Les hommages affluent dans les médias et sur les réseaux sociaux. "C'était une énorme cinéaste qui, par sa singularité, a révolutionné quelques pans du cinéma international", a souligné son producteur Patrick Quinet. "C'est quelqu'un d'extraordinaire dans son parcours, puisqu'elle a fait du documentaire, de la fiction, de la comédie musicale, des comédies ou des films plus austères", a-t-il ajouté. L'écrivain français Olivier Steiner lui a d'ailleurs rendu un émouvant hommage sur son compte Facebook : "Chantal, je l'adorais. Elle était folle, bien sûr. Folle géniale."
Le directeur de la Cinémathèque française Serge Toubiana a salué "une femme de passion", qui a "exploré toutes les facettes du cinéma - pas seulement l'avant-garde - avec énergie, de façon intrépide, avec boulimie et candeur" et "avec un courage incroyable, un peu au point d'y laisser sa peau".

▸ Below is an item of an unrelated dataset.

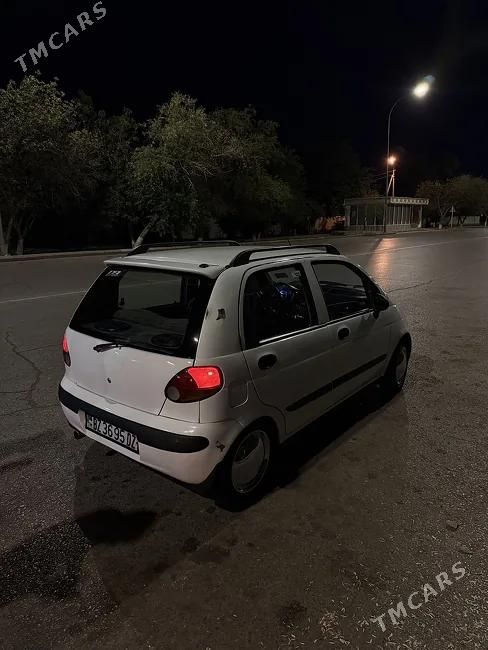 Daewoo Matiz, 1999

Marquée à ses débuts par le cinéma américain expérimental, elle se fait connaître ensuite dans les années 70 avec Je, tu, il, elle (1974), récit de l'errance d'une jeune femme dans lequel elle joue le rôle principal, puis surtout avec Jeanne Dielman, 23, quai du commerce, 1080 Bruxelles (1975) avec Delphine Seyrig. Jonas Melkas, figure du cinéma underground, a déclaré à propos de la cinéaste : "Tout son travail serait comme un immense film épique dont on pourrait relier toutes les parties." (Libération)
Très audacieux formellement avec notamment son travail sur le corps, "Jeanne Dielman" marquera nombre de cinéastes, dont le réalisateurs américain Gus Van Sant. Dans Libération, il rend hommage à celle qui l'a inspirée : "Quand j'ai des films comme Gerry, Elephant et Last Days, cela a constitué pour moi une influence plus qu'essentielle : il y avait pour moi Béla Tarr et Chantal Akerman." James Franco, acteur de Harvey Milk réalisé par Gus Van Sant et artiste polyvalent, a aussi fait part de son chagrin sur Twitter.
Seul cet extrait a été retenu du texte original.